Curi foi processado por “promover a licença de costumes e o homossexualismo especificamente”. Na denúncia que a Promotoria Pública ofereceu ao juiz de Direito da 14ª Vara Criminal da Comarca de São Paulo, o Estado alegou que “o homossexualismo é claramente exaltado, defendendo-se abertamente as uniões anormais entre seres do mesmo sexo, chegando inclusive a promovê-las através da seção Correio Elegante”, que funcionava para ajudar jovens a se conhecerem.
Como no caso de Cassandra Rios, os setores mais amplos de oposição à ditadura não se mobilizaram na defesa de Curi – que só foi absolvido em março de 1979. Enquanto Curi respondia a um processo em São Paulo, inquérito criminal foi instaurado, também em São Paulo, no ano de 1978, contra os 11 jornalistas da revista IstoÉ responsáveis pela matéria “O poder homossexual”, sob a acusação de “fazer apologia malsã do homossexualismo”. No mesmo ano e na mesma cidade, outro inquérito criminal foi instaurado contra os jornalistas da revista Interview por matéria de conteúdo homossexual.

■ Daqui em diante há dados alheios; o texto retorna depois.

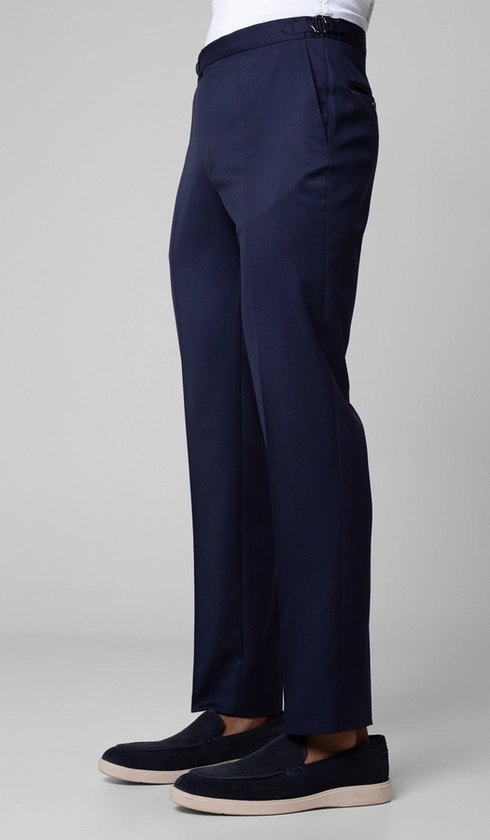 Calça Social Lisa com Fivela Gold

O jornal Lampião da Esquina
As ameaças recorrentes do Estado contra conteúdos jornalísticos que retratavam a homossexualidade “positivamente” ou de forma não pejorativa não tiveram o condão de impedir a fundação do jornal Lampião da Esquina. Seu número zero foi lançado em abril de 1978, precisamente com o caso de Celso Curi na capa. Em outubro, o jornal entrevistava ninguém menos que Cassandra Rios, já reconhecida como a primeira mulher a alcançar a marca de 1 milhão de exemplares vendidos.

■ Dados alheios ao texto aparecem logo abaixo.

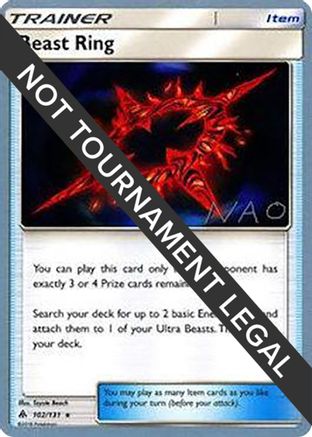 Beast Ring - 2018 (Naohito Inoue) 102  World Championship Decks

Entre outros casos, Cassandra recordou a perseguição sofrida por conta do romance A Volúpia do Pecado – que era anterior à própria ditadura. “Me acusaram de atentado à moral e aos bons costumes. Isso em 1954. No livro, a homossexual é simplesmente aquilo que ela quer: ela enfrenta seus problemas, que todo o mundo os tem, mas no final é feliz”, declarou a escritora paulistana.
Primeiro jornal que defendia abertamente os direitos dos homossexuais, o Lampião imediatamente incentivou a formação do primeiro grupo de ativistas no país, que adotou o nome Somos: Grupo de Afirmação Homossexual. Os agentes da repressão acompanharam de perto tanto o impacto do jornal Lampião quanto o emergente movimento.

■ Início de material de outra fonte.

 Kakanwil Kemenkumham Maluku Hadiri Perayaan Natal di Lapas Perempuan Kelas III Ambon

Um agente do CIE escreveu: “pode-se estimar alto interesse comunista no proselitismo em favor do tema [da homossexualidade]”. Dada a repressão contra jornalistas da grande imprensa, não houve grandes surpresas quando os editores do jornal Lampião – jornalistas, escritores, professores e artistas – começaram a sofrer pressões e assédios.
Em agosto de 1978, o jornal foi alvo de inquérito policial que durou 12 meses, com a ameaça de serem enquadrados na Lei de Imprensa, segundo a qual eles poderiam receber até um ano de prisão por atentar contra a “moral e os bons costumes”. No dia 2 de abril de 1979, cinco editores compareceram à sede da Polícia Federal do Rio de Janeiro para serem indiciados criminalmente.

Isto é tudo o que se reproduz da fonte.